_Data in this exercise_:
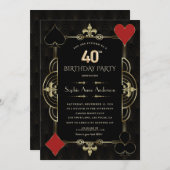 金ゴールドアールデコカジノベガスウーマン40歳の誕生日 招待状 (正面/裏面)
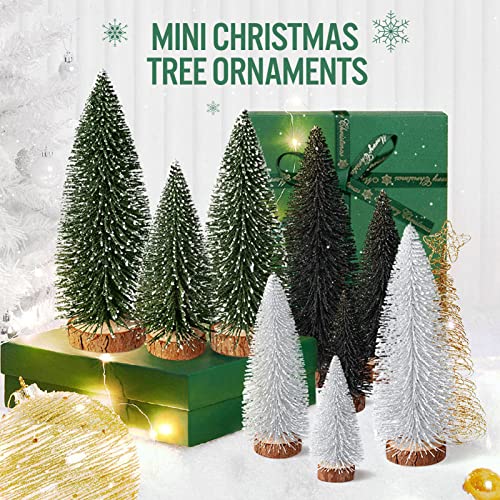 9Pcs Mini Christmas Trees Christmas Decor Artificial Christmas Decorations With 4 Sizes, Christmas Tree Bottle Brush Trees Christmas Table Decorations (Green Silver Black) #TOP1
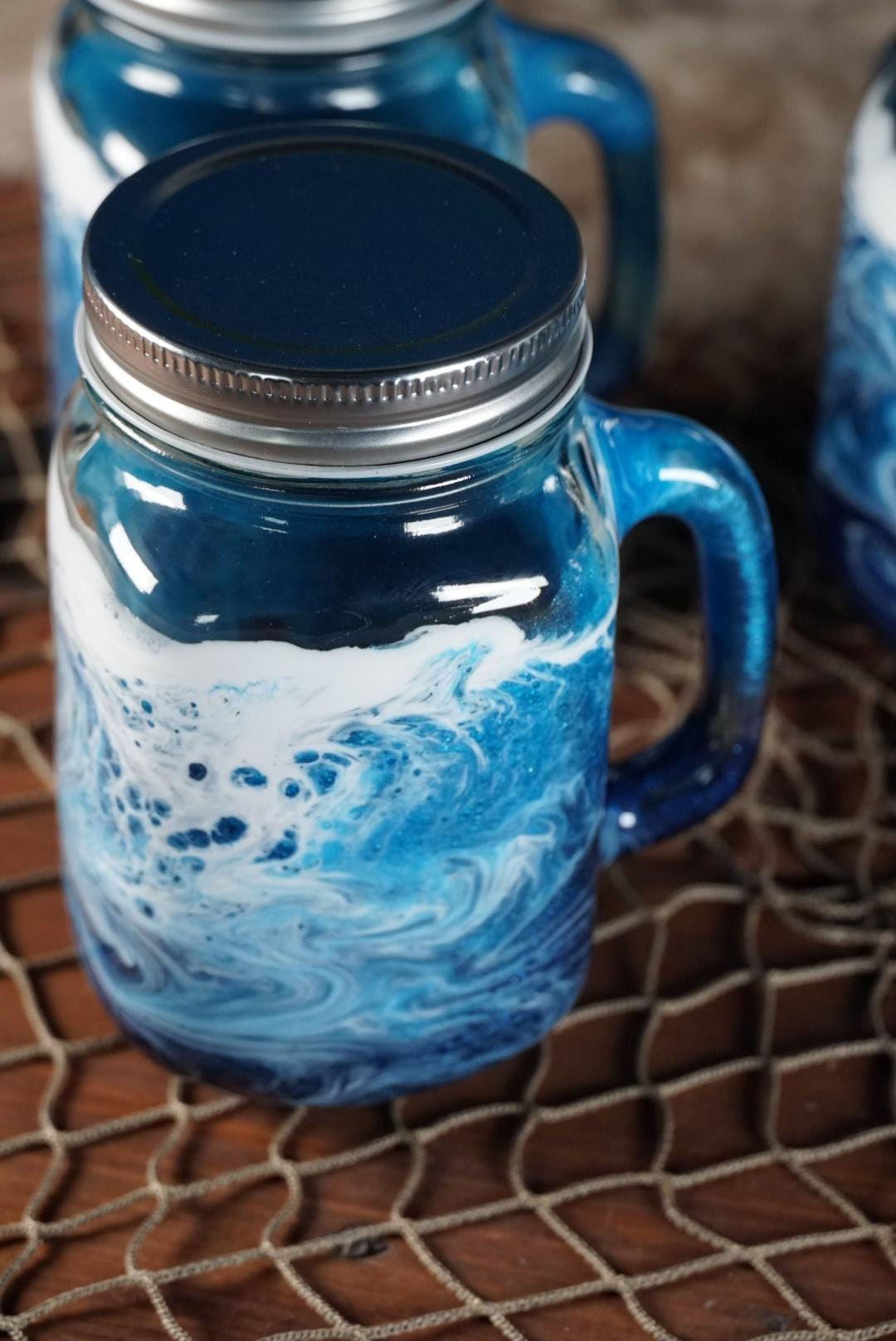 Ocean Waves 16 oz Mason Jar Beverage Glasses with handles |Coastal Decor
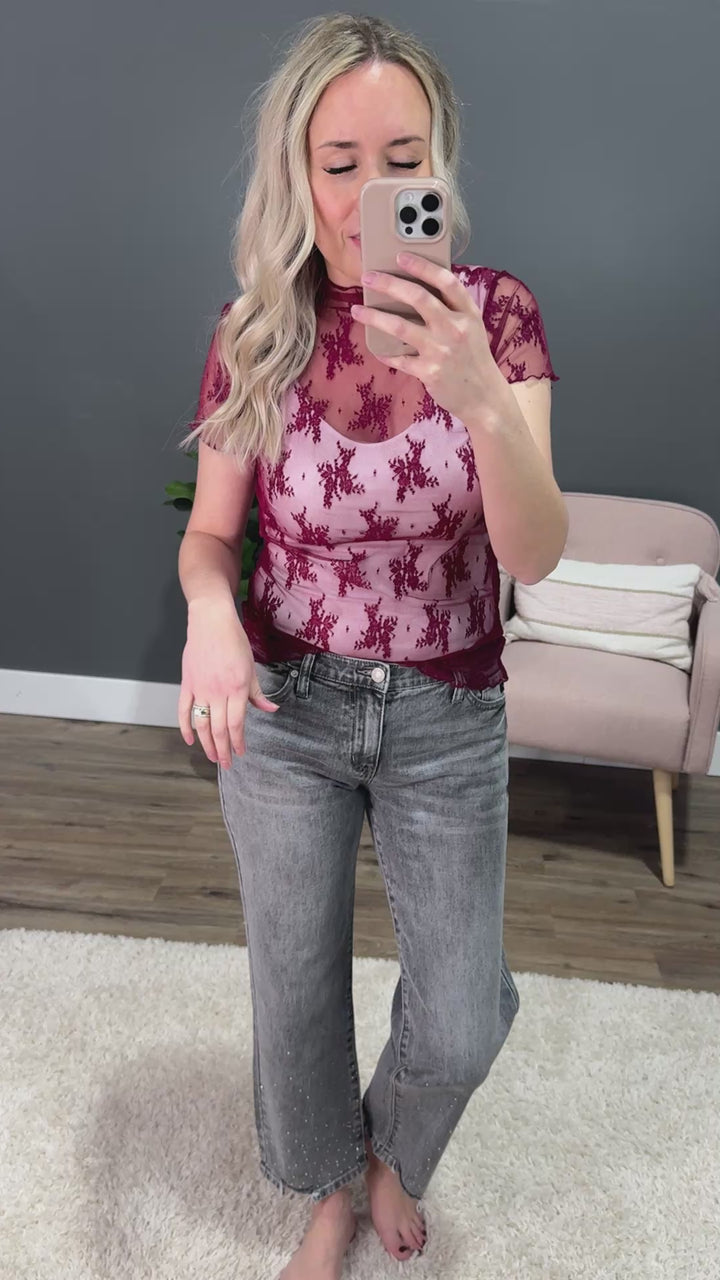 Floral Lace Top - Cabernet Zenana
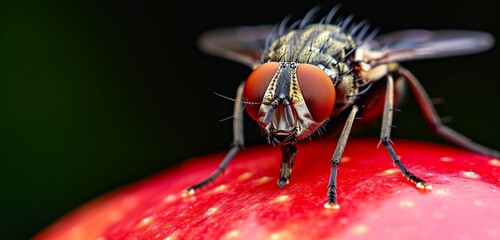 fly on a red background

* * *

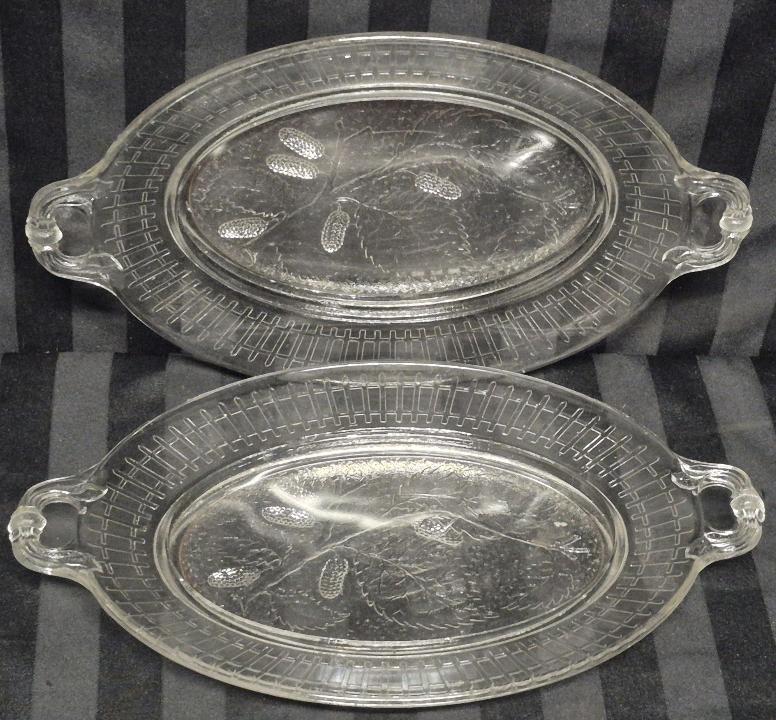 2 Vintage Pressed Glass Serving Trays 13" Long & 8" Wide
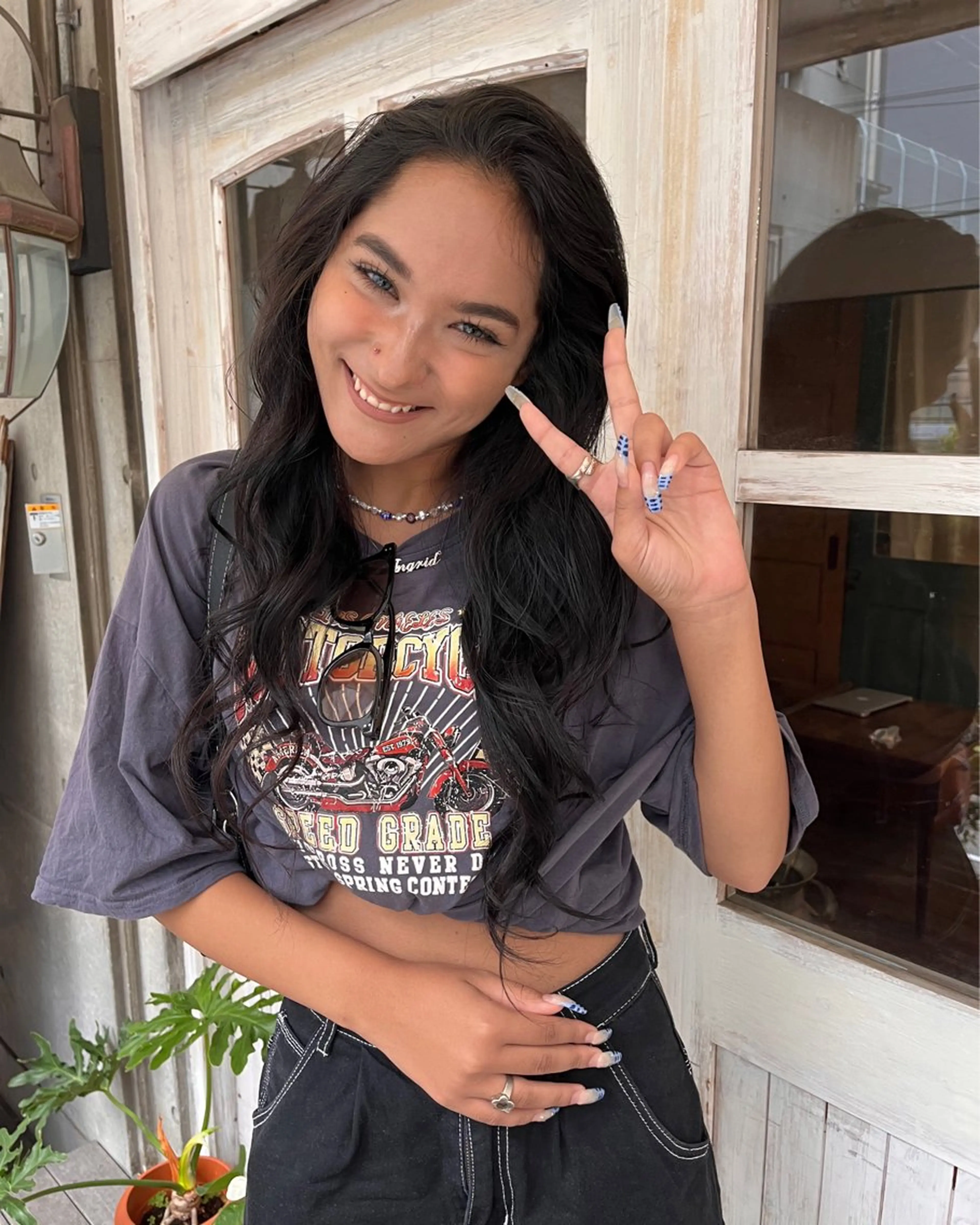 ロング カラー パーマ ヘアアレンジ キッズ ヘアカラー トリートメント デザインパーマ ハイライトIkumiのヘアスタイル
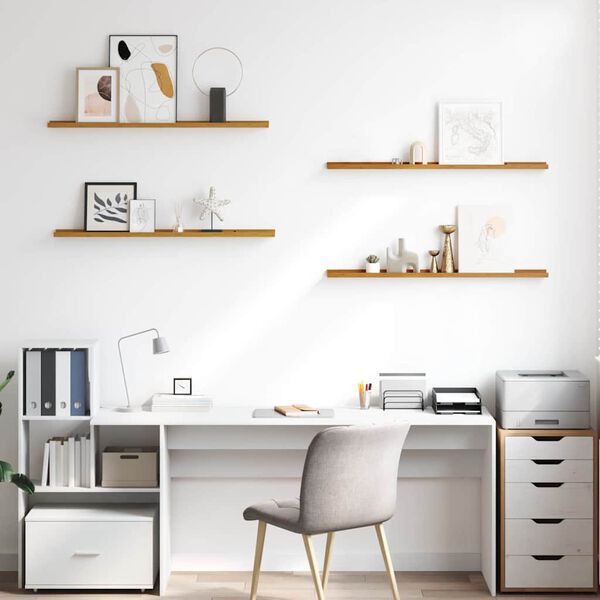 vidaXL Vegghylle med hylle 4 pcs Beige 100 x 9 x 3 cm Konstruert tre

_How to complete this task_: With the pictures removed from your copy, retype the lines above from the one that contains "2 Vintage Pressed" through the one that contains "vidaXL Vegghylle med", exactly.

_Task answer_:
 2 Vintage Pressed Glass Serving Trays 13" Long & 8" Wide
 ロング カラー パーマ ヘアアレンジ キッズ ヘアカラー トリートメント デザインパーマ ハイライトIkumiのヘアスタイル
 vidaXL Vegghylle med hylle 4 pcs Beige 100 x 9 x 3 cm Konstruert tre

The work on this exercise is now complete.